Your assignment
Below are entries. Reproduce exactly the lines between the line holding "Suite Corneille Lyon Exteriör bild" and the line holding "Gondolier with tourists", inclusive, and only those.

- - - -

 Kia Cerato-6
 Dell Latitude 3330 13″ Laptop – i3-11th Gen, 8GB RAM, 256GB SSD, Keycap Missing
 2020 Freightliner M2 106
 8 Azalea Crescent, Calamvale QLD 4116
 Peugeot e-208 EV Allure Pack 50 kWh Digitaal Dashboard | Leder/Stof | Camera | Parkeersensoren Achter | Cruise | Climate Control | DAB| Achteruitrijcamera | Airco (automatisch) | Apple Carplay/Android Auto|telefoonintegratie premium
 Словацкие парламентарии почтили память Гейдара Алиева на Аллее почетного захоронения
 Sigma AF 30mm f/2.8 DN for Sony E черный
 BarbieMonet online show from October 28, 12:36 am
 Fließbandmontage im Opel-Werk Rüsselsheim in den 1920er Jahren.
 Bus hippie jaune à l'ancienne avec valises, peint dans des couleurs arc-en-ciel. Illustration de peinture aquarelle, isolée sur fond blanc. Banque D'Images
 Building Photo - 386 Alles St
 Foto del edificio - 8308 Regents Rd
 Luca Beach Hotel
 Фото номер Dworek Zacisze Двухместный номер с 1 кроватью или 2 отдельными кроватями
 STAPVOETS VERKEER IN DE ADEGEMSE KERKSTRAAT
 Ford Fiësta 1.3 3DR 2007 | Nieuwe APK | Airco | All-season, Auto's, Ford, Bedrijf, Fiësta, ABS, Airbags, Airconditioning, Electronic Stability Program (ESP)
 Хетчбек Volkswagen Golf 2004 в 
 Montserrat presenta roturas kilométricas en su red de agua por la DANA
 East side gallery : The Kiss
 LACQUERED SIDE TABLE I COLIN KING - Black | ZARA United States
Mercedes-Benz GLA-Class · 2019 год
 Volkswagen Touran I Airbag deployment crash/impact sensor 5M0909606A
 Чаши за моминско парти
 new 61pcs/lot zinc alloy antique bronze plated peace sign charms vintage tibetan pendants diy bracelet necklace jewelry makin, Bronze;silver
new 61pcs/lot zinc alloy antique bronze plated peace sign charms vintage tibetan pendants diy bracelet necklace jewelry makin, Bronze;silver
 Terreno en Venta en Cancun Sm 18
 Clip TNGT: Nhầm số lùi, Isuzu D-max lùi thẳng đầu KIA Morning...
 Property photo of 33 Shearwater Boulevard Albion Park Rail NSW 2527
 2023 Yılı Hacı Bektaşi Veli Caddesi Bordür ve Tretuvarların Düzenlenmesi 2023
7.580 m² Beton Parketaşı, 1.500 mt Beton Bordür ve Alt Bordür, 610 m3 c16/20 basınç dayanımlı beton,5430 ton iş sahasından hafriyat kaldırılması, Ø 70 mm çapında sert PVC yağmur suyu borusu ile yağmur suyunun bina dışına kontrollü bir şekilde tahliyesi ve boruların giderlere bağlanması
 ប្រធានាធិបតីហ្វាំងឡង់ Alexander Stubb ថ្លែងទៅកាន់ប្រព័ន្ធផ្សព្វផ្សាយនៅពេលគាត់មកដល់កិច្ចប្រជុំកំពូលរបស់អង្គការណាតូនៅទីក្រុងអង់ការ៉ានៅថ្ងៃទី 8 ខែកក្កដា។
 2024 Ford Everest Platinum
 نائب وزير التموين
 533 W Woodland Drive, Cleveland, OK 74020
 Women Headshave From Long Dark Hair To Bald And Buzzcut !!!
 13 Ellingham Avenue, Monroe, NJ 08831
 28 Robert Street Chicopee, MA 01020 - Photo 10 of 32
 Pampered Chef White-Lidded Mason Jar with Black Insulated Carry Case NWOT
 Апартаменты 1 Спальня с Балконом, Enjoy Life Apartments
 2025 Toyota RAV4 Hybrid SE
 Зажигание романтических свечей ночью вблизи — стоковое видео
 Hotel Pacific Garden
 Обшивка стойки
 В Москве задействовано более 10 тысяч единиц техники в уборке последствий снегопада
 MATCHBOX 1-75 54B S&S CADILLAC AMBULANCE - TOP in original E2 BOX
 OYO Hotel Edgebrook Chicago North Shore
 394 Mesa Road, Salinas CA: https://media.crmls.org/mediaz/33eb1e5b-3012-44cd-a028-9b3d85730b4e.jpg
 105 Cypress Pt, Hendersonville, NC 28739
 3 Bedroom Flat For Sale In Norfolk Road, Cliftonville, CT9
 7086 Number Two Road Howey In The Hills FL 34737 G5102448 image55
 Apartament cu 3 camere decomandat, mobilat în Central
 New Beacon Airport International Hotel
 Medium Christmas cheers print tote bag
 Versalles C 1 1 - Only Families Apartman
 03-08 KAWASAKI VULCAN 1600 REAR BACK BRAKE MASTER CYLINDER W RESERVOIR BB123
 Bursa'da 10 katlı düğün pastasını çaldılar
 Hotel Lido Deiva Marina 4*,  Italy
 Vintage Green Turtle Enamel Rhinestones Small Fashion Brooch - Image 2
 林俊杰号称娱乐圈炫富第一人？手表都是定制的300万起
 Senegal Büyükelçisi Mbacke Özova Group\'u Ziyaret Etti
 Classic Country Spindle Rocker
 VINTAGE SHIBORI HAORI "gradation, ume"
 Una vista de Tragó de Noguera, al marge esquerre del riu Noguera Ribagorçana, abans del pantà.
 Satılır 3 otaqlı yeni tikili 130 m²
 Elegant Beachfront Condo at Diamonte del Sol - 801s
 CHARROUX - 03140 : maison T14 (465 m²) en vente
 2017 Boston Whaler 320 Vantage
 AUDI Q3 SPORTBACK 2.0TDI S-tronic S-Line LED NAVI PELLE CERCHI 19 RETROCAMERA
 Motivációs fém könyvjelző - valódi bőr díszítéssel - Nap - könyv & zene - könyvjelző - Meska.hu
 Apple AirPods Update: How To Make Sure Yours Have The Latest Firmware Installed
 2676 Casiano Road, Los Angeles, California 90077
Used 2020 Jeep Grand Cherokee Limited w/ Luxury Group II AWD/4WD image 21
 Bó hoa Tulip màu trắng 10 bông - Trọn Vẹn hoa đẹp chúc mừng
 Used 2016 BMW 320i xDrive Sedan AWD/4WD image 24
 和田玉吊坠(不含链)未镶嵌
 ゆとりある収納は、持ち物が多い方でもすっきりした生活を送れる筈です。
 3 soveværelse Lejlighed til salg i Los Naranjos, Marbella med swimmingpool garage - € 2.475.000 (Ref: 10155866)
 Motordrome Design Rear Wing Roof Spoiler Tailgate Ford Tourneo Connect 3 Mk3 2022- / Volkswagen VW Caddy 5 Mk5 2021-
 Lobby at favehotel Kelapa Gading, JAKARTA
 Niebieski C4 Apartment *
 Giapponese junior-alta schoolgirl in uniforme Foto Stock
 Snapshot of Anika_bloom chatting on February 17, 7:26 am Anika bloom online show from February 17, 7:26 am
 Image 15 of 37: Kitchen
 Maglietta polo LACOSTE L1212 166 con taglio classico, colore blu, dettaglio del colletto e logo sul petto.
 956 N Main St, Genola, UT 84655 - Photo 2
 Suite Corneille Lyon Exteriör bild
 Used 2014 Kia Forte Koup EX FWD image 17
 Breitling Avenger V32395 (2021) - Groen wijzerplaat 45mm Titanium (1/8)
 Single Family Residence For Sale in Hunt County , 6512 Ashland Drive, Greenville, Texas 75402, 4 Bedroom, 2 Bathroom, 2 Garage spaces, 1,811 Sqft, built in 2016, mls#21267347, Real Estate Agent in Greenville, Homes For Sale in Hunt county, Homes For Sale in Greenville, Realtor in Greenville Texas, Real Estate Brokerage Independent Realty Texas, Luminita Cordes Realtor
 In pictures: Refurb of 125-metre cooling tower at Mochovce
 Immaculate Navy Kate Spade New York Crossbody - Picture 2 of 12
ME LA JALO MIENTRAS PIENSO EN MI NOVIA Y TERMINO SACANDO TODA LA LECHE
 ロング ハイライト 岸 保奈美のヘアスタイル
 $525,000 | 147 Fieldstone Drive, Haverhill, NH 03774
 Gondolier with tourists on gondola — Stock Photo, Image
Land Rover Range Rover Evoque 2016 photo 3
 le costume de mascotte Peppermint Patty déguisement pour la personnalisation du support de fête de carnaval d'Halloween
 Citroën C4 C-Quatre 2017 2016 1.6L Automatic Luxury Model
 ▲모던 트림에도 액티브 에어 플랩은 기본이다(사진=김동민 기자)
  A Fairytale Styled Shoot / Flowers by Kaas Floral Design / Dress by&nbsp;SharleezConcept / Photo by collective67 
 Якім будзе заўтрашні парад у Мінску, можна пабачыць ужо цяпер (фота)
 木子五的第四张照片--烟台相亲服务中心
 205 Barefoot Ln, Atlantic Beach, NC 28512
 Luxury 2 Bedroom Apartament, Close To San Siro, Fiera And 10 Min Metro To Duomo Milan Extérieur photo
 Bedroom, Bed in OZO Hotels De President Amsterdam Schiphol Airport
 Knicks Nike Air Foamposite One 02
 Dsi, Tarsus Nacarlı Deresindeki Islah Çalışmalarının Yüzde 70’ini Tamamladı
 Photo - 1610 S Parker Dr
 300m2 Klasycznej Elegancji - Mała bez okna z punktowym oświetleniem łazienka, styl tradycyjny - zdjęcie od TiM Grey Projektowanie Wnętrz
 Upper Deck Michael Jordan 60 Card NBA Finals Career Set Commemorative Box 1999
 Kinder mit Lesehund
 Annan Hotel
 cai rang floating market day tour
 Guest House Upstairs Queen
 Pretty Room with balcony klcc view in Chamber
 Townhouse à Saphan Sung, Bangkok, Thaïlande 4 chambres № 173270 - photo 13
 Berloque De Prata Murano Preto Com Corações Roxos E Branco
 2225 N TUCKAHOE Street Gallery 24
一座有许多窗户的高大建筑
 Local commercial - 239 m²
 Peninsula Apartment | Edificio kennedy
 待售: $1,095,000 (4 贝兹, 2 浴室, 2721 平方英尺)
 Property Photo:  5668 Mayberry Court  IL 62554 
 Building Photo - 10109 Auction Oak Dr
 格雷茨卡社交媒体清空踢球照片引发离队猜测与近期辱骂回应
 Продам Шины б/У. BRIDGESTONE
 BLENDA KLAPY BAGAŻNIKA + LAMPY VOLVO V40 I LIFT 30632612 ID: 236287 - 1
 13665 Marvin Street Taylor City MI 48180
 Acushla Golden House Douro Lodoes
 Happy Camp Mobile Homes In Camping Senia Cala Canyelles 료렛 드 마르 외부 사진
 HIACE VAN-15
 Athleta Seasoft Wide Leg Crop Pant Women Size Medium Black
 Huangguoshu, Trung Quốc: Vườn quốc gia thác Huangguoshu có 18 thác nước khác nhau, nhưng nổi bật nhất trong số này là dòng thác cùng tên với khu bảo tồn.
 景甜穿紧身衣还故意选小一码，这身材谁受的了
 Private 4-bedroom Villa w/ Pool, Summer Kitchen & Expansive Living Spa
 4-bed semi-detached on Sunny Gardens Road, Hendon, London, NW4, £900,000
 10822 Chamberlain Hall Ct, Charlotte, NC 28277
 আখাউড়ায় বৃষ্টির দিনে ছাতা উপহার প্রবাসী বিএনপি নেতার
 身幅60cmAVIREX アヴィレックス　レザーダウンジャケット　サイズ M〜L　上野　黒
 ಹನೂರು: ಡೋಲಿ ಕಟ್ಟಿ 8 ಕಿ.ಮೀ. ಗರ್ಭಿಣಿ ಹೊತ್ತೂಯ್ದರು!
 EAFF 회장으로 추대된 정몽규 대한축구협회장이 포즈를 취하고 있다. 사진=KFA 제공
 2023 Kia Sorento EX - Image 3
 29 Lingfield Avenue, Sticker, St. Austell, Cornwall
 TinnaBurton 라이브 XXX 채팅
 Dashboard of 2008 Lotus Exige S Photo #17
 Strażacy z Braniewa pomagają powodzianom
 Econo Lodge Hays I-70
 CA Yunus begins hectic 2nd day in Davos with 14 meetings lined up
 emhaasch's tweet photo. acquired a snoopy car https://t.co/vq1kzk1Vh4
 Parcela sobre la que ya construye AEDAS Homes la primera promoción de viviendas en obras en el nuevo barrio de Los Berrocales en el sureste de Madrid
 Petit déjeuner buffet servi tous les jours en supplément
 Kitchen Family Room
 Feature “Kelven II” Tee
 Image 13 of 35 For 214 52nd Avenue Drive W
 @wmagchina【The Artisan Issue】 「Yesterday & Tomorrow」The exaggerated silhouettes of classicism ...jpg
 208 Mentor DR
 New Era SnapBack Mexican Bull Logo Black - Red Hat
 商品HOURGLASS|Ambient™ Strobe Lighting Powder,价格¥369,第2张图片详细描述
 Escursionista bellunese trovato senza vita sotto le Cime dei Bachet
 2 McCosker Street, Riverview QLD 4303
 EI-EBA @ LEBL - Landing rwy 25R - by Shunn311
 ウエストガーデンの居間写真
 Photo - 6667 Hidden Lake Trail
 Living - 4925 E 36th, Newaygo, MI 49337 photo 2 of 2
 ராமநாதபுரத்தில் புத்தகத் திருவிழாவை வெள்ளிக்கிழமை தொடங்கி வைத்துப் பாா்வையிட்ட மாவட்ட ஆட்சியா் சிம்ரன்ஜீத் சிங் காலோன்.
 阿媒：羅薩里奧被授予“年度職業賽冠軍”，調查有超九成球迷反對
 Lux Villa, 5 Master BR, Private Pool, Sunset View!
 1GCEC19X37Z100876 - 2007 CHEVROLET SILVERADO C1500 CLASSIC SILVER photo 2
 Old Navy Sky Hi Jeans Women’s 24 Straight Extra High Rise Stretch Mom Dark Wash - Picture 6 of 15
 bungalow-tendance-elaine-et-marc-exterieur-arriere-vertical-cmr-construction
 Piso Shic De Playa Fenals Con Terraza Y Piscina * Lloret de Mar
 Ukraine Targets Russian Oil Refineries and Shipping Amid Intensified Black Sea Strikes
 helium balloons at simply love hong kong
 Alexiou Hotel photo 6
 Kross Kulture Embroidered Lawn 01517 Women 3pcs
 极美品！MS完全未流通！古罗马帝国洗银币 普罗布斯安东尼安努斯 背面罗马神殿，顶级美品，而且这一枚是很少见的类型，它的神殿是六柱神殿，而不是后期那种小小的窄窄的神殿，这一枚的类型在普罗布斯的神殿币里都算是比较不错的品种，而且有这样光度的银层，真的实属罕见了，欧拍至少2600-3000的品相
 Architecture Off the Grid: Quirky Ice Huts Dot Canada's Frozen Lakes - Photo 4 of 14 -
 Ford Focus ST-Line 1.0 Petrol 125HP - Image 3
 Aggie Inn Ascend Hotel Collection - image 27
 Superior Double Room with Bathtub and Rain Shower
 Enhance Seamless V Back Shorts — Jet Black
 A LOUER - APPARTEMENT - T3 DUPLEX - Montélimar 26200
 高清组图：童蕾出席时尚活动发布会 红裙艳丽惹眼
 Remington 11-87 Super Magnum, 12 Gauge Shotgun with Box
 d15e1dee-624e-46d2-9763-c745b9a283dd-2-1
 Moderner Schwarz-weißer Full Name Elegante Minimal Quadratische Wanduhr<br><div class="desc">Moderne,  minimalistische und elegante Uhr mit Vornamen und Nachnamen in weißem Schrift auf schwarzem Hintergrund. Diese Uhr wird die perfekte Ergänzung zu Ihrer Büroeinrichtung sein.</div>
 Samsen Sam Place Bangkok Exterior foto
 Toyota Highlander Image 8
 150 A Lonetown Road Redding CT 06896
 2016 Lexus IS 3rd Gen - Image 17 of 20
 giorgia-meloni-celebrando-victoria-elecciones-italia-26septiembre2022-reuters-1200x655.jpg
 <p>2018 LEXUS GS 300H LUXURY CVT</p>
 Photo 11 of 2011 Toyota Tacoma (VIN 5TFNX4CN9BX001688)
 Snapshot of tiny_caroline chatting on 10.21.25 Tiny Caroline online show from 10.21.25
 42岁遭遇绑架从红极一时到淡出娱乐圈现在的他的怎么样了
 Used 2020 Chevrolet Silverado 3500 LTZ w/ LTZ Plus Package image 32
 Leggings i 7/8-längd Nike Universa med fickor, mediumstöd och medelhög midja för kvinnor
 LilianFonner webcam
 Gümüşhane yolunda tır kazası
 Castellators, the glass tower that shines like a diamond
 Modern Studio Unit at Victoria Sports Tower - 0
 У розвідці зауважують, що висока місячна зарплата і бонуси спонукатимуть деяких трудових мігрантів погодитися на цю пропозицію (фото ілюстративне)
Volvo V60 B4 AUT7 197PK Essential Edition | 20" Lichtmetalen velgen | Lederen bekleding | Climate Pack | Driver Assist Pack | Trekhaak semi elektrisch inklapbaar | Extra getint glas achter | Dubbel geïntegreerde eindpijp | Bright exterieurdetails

- - - -

Task answer
 Suite Corneille Lyon Exteriör bild
 Used 2014 Kia Forte Koup EX FWD image 17
 Breitling Avenger V32395 (2021) - Groen wijzerplaat 45mm Titanium (1/8)
 Single Family Residence For Sale in Hunt County , 6512 Ashland Drive, Greenville, Texas 75402, 4 Bedroom, 2 Bathroom, 2 Garage spaces, 1,811 Sqft, built in 2016, mls#21267347, Real Estate Agent in Greenville, Homes For Sale in Hunt county, Homes For Sale in Greenville, Realtor in Greenville Texas, Real Estate Brokerage Independent Realty Texas, Luminita Cordes Realtor
 In pictures: Refurb of 125-metre cooling tower at Mochovce
 Immaculate Navy Kate Spade New York Crossbody - Picture 2 of 12
ME LA JALO MIENTRAS PIENSO EN MI NOVIA Y TERMINO SACANDO TODA LA LECHE
 ロング ハイライト 岸 保奈美のヘアスタイル
 $525,000 | 147 Fieldstone Drive, Haverhill, NH 03774
 Gondolier with tourists on gondola — Stock Photo, Image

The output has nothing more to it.